Les Frac ont aussi pour missions d’assurer la diffusion et la médiation autour des œuvres, et peuvent également, à cette fin, faire appel aux artistes. Enfin, les résidences d’artistes ont été particulièrement nombreuses cette année. Par leurs multiples missions, les Frac ont une souplesse quant au déploiement de leurs actions. Dans ce contexte de fermeture, ils ont fait en sorte de trouver de bons compromis dans le respect des règles sanitaires pour atteindre ces deux objectifs qui sont l’aide aux artistes et le fait de toucher les publics.

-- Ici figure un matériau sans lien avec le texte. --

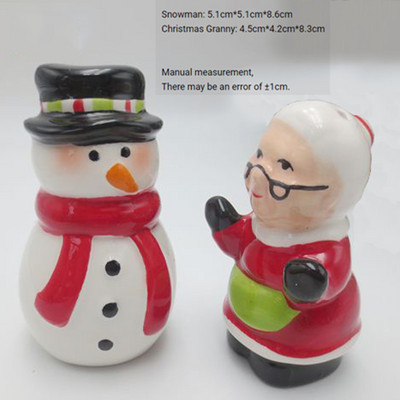 Kézzel készített kerámia festett só-borsszóró készlet - Mikulás, hóember, pulyka, pingvin, mézeskalács ember szakács, sütőtök, koponya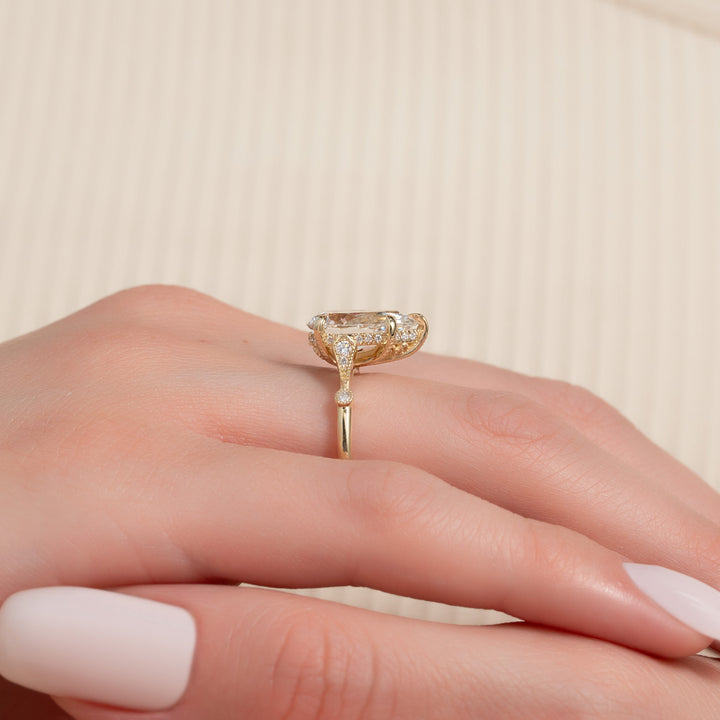 The Angel Pear Lab Diamond Moissanite Engagement Ring *Shown with 3 ct #material_gold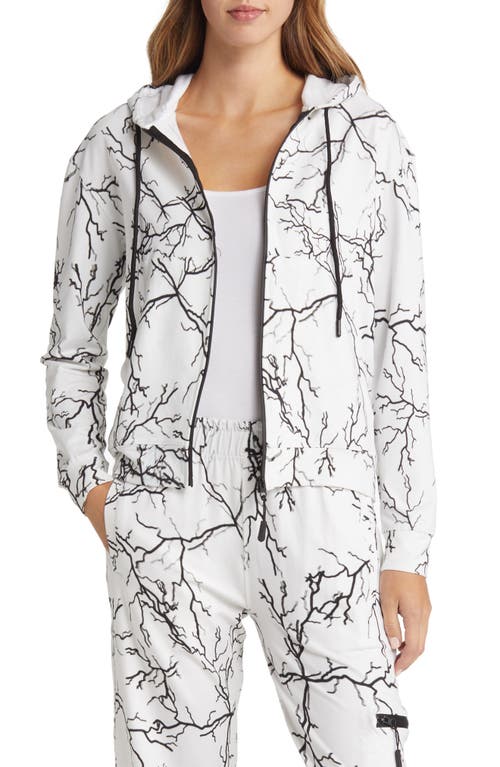Dai Moda Gender Inclusive Branch Road Front Zip Hoodie in White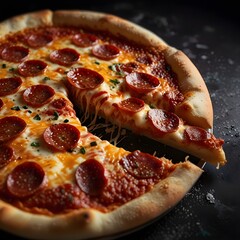A close-up shot of a delicious pepperoni pizza with a slice being pulled away, showcasing gooey...
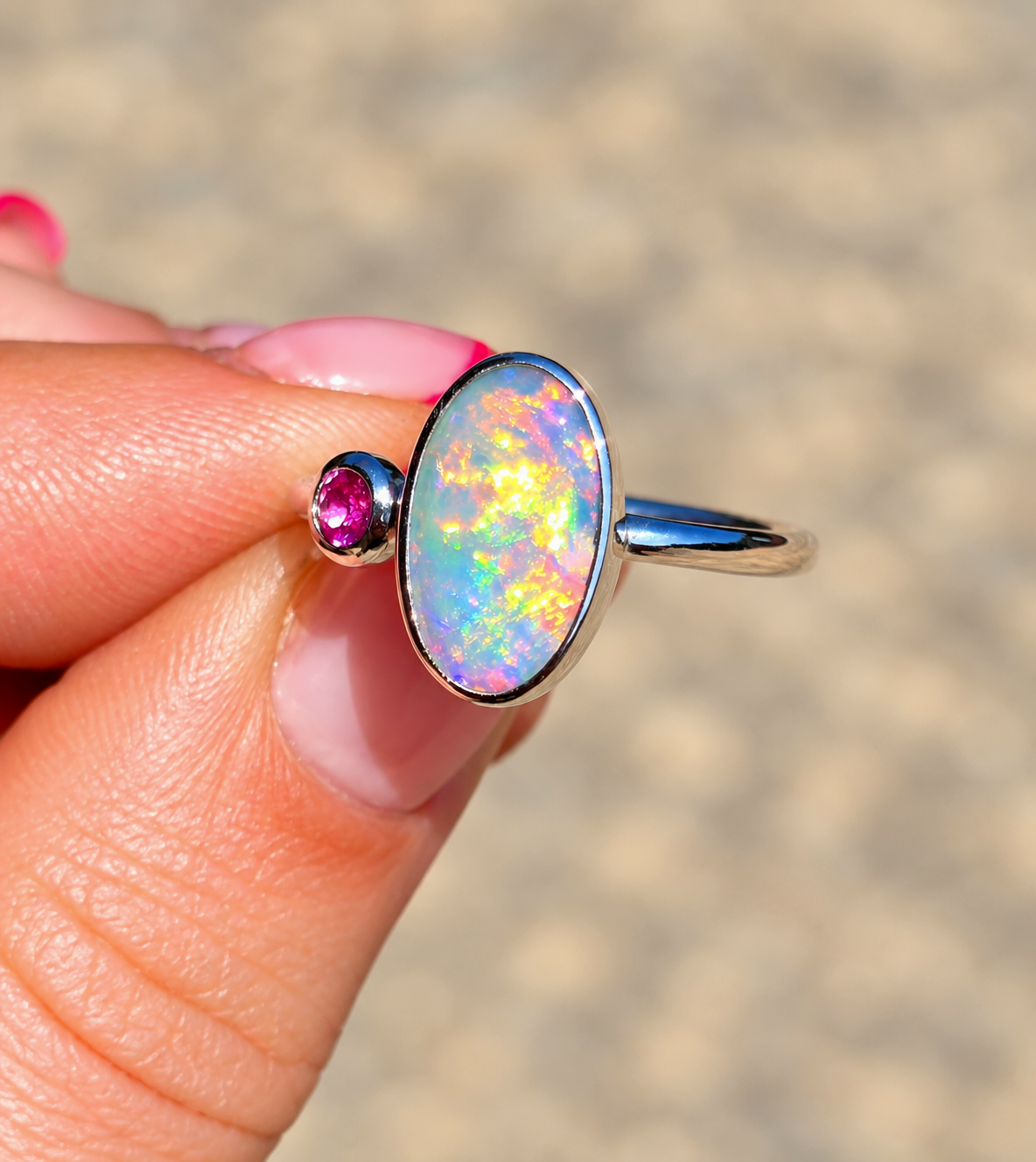 Australian Opal Pink Sapphire Ring Size 8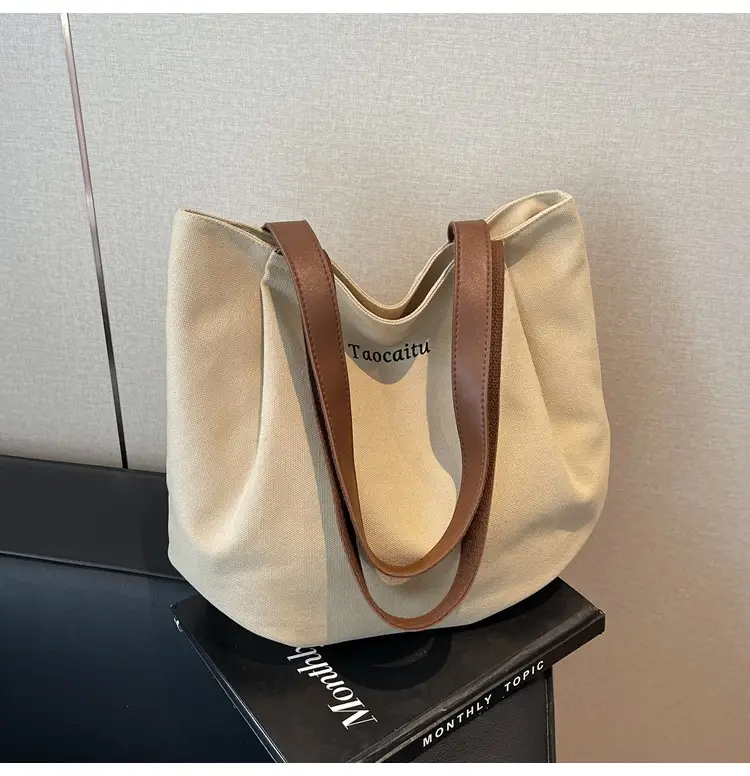 Women Large Canvas Tote Bag Tan 2026 — feature 17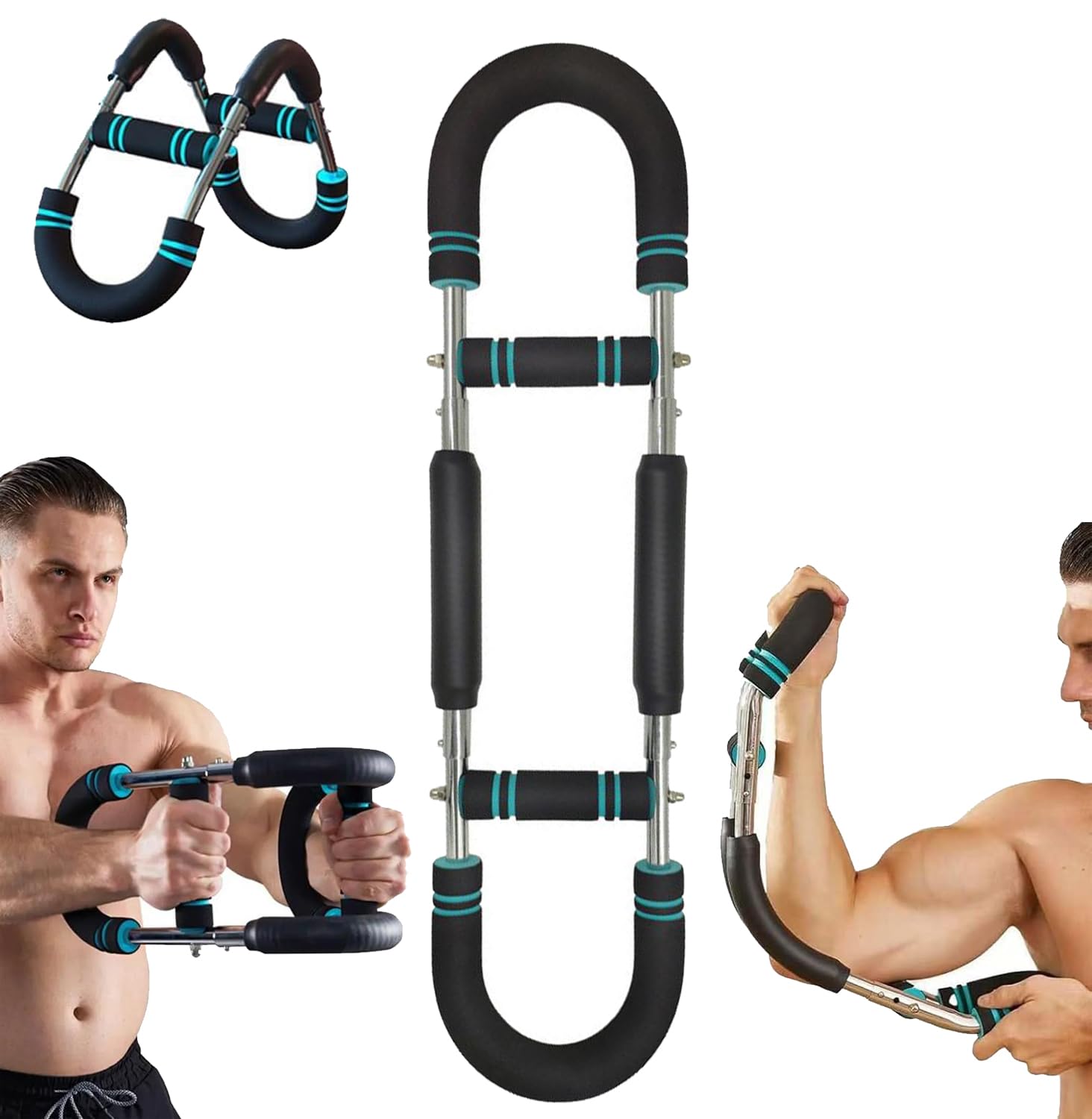 Twister Arm Trainer,Adjustable 40-100lb Resistance Chest Workout Equipment for Home Gym,Portable Power Twister Bar,Muscular Strength Enhancer,Fitness Equipment for Shape The Perfect Body (Blue)
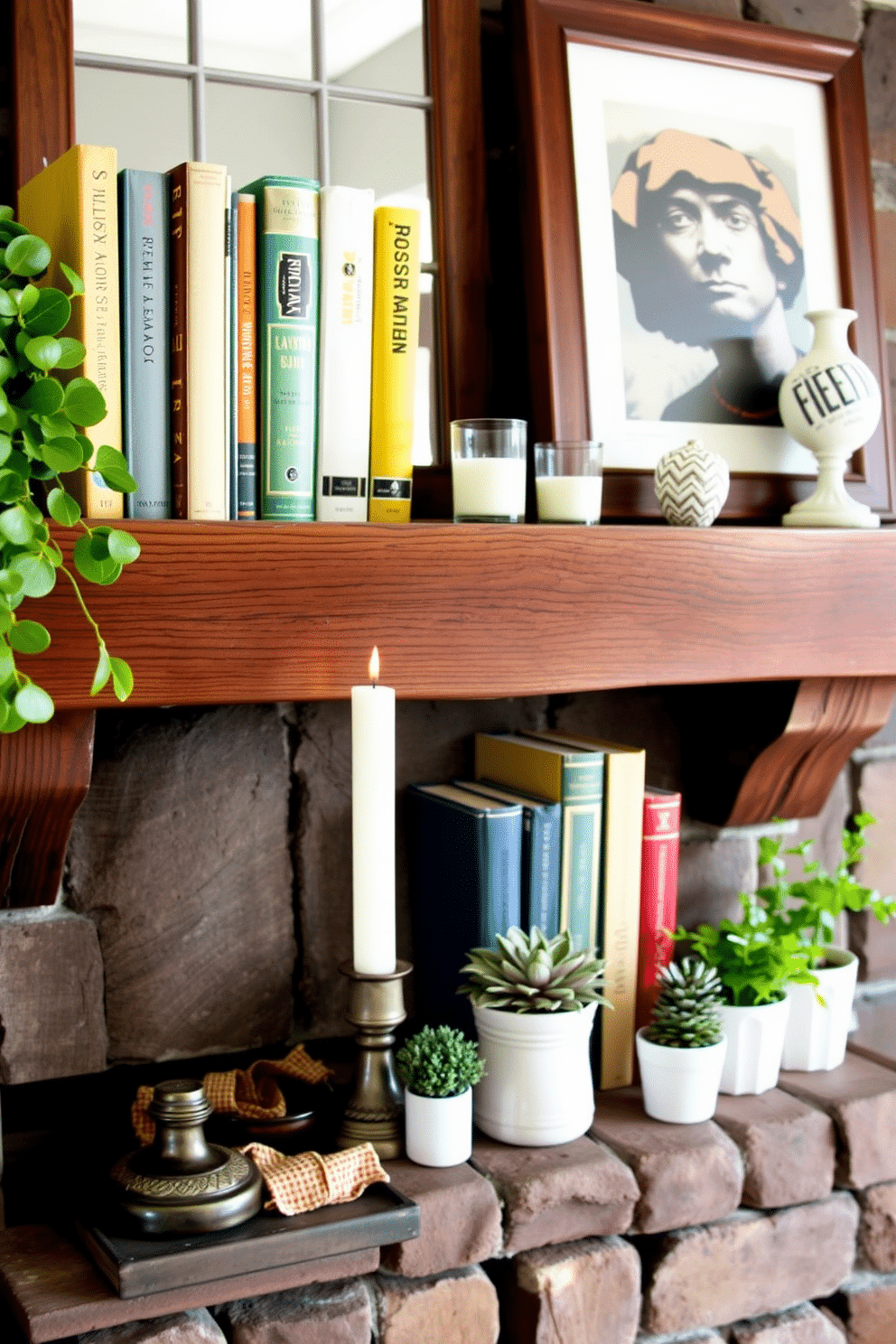 Create a cozy vignette centered around a summer fireplace. Arrange a selection of colorful books on a rustic wooden mantel, complemented by a few decorative candles and small potted plants.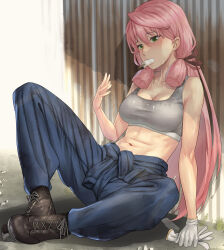 Rule 34 | 1girl, akashi (kancolle), arm support, blue overalls, breasts, fanning self, gloves, green eyes, grey sports bra, hair ribbon, highres, holding, holding gloves, holding unworn clothes, hot, ice cream bar, kantai collection, kokuzou, large breasts, long hair, overalls, pink hair, ribbon, sitting, solo, sports bra, sweat, tied overalls, toned, tress ribbon, unworn gloves, white gloves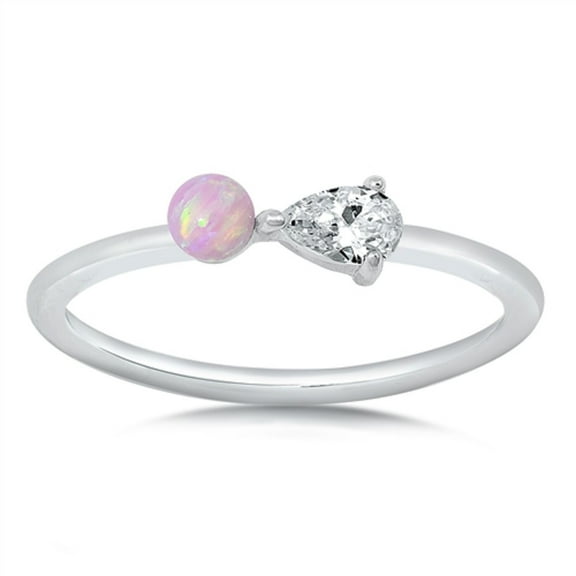 Pink Simulated Opal Pear Shape Clear Cubic Zirconia Classic Ring Sterling Silver Size 6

Par définition, le Frac est disruptif, il s’inscrit en faux par rapport au prêt-à-penser
La mobilité des collections a donc été bien réelle ?
Cela a été un effort de tous les jours auquel est venue s’ajouter une plateforme, lesfrac.com qui est le site internet qui permet d’avoir accès à la totalité du projet des Frac.
Un site qui sera lancé pendant le week-end des Frac.
Il l’est déjà, mais il se remplit de jour en jour et sera pleinement opérationnel pour le week-end des Frac. C’est un travail énorme, tous les Frac ont joué le jeu. C’est un projet de groupe qui n’a de sens qui si tout le monde le suit.
Programmation d’un côté, présentation des collections de l’autre, quel est le but principal de cet outil ?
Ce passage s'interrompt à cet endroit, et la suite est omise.